The rest of the people on the Internet are either stupid and illiterate OR are just plain average.

This post is for the illiterate-but-functional who want to avoid being laughed off the World Wide Web by those who paid attention in 4th grade.

Pull up a chair next to this crackling fire, dear Interneters, and let's discuss things you should already know. I'll try to update this as I see other tragic mistakes.

1. The ellipsis. Space, three periods, space. Not eleven periods. Three. Get it? OK. Let's try ... this way.
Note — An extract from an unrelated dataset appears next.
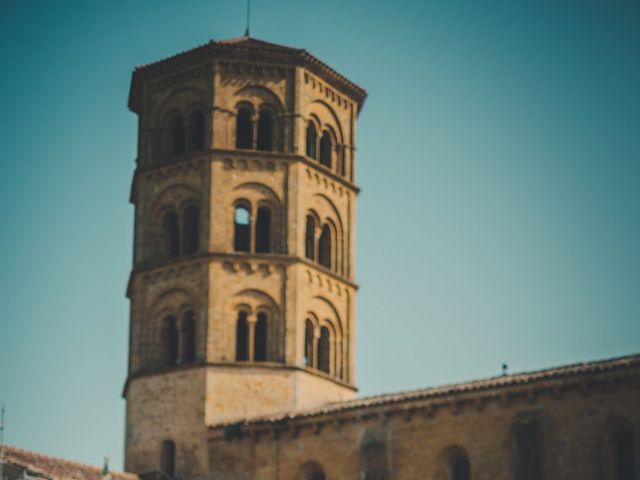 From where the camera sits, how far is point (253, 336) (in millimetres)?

Great. There are some other technical rules about end-of-sentence punctuation and the ellipsis, but the "dot, dot, dot" method will get you through most situations.

2.  Supposedly. Say it out loud. There's a D in there, not a V. If you use "supposively," you are not only wrong but supposedly failing 9th grade. If you pronounce the word with a "V," you can plan on being assistant customer service manager until retirement. You will never get a promotion.


3. Definitely. Two "E"s, two "I"s. No "A"s. That middle word in there? It's "finite." Pronounce it like that in your head. De-FINITE-ly.

Don't be sad if you've made these mistakes. I'm a journalist and could tell you all sorts of fun mistakes I or my friends have made. In fact, I might one day write a post about them. Until then, please, for the love of blog, work on the ellipsis. It's the easiest to remember.

Very sincerely, with kisses and stuff,

Your very condescending, very naked cupcake blogger,
Sarah

P.S. I'm looking forward to figuring out the mistakes I made in this post. Then I'll be all, "See what you get for being preachy, dumbass? Now no one will ever want to read your blog." Then, I'll be like, "So? No one reads it now."